KARACHI:
The board of MCB Bank approved the bank’s merger into NIB Bank at a share swap
ratio, which was vehemently opposed by the minority shareholders of the
latter’s financial institution.
“The
shareholders of MCB at their extra-ordinary general meeting, held on 23
January, have unanimously approved and adopted the scheme of amalgamation of
NIB Bank Limited with and into MCB… through a share swap arrangement,” said
MCB, in a notice issued to the Pakistan Stock Exchange on Tuesday.
“The
shareholders of MCB have also unanimously approved the swap ratio of one new
ordinary share of MCB Bank for every 140.043 shares of NIB for the scheme of
amalgamation.
The
bourse filing said the decision of the shareholders of MCB are subject to,
amongst others, sanction of the State Bank of Pakistan, approval of the
Competition Commission of Pakistan and receipt of other requisite regulatory
authorisations, consents and approvals.
As
a consequence of the approved amalgamation, 73,569,197 ordinary shares of MCB
would be issued in favour of the shareholders of the NIB Bank. Minority
shareholders group of NIB Bank rejected the existing swap arrangement.
“The
proposed swap ratio bears no relationship to the real value of NIB shares and
if approved the merger will significantly deprive NIB shareholders of almost 30
percent value,” the group said in an appeal, published in media on January
22.
“The
proposed swap ratio values each share of NIB at approximately Rs1.58 whereas
the book value of each NIB share is Rs1.84 and the market price of each NIB
share was Rs2.21 on 6 December 2016, just a day before the announcement of the
proposed merger.”
The
group asked the shareholders of NIB Bank to reject the proposed swap ration and
merger, “by writing their objections to the president of NIB Bank Limited, the
State Bank of Pakistan, the Securities and Exchange Commission of Pakistan and
other forums.”
NIB’s
board meeting is yet to take place to approve the amalgamation scheme. Sindh
High Court issued a status quo order preventing the holding of extraordinary
general meeting of NIB scheduled for 23 January.
Fullerton
Fund Management Company Ltd, a subsidiary of Singaporean state investor Temasek
Holdings, was trying to exit from Pakistan through divesting its majority stake
in NIB Bank. It initiated divestment process in 2011. NIB sustained a net loss
of around Rs17 billion since Temasek acquired the bank back in 2005.
Analysts
said alone State Life Insurance Corporation and Pakistan Reinsurance, which
together own 228 million shares of NIB Bank, would sustain a loss of Rs215
million on book and Rs139 million on market value on completion of ‘undervalued
sale of NIB Bank’s stakes.’ In the past five years, MCB, the country’s third
biggest lender, has been a laggard in branch expansion and has opened only 125
branches since 2010, showing a cumulative 11 percent growth in branch network.

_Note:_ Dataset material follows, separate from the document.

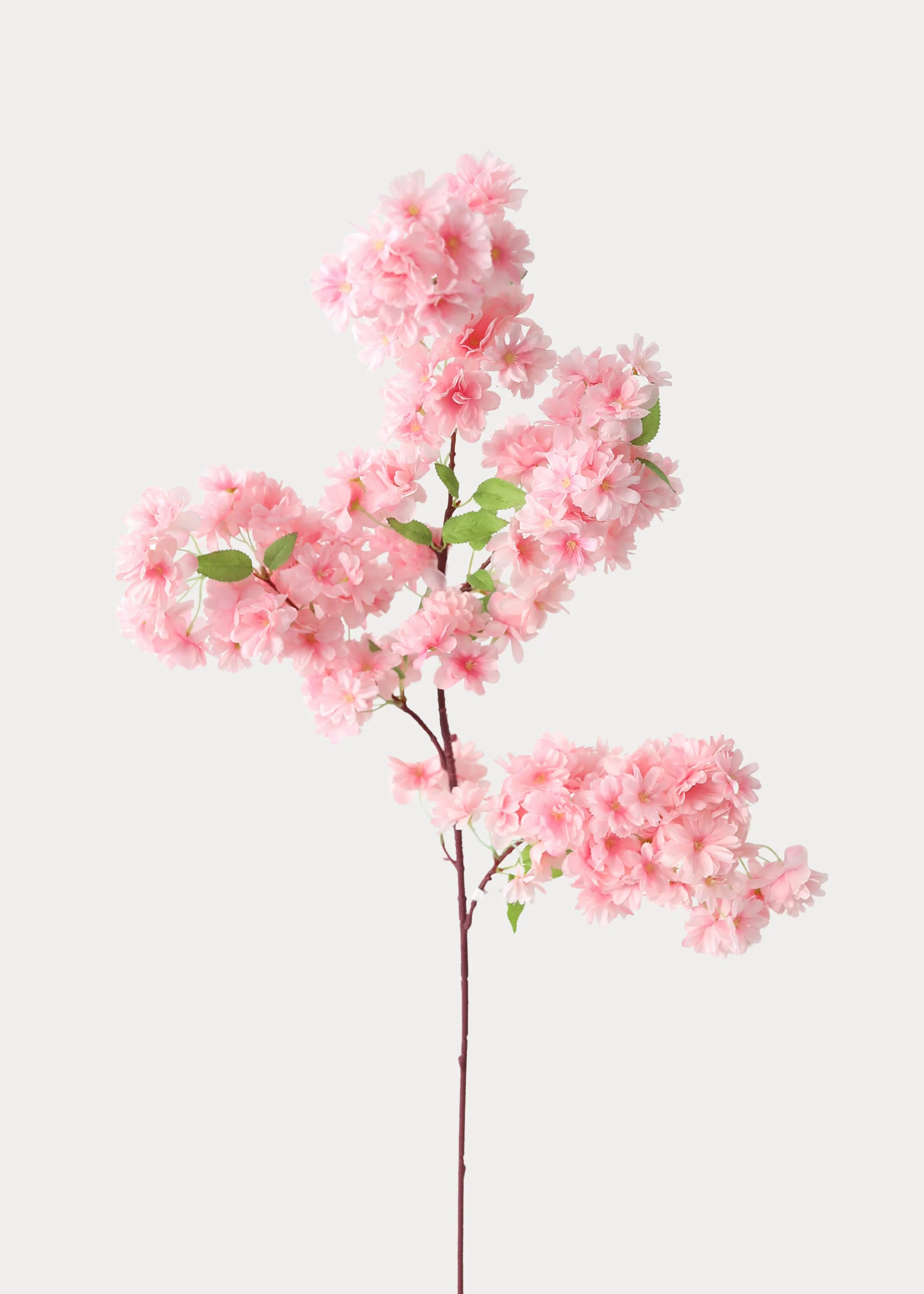 Spring Cherry Blossom Branch in Pink | Lifelike Fake Flowers | Afloral | Afloral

Acquisition of NIB offers MCB a chance to grow its network by 14 percent,
analysts said.
For
NIB Bank, the country’s 12th largest bank by market capitalisation, the
possible merger could be a great chance to get out of losses. The bank was
struggling to be profitable, and it posted profit after tax of Rs2.617 billion
in 2015 as against loss after tax of Rs508 million in the year 2014.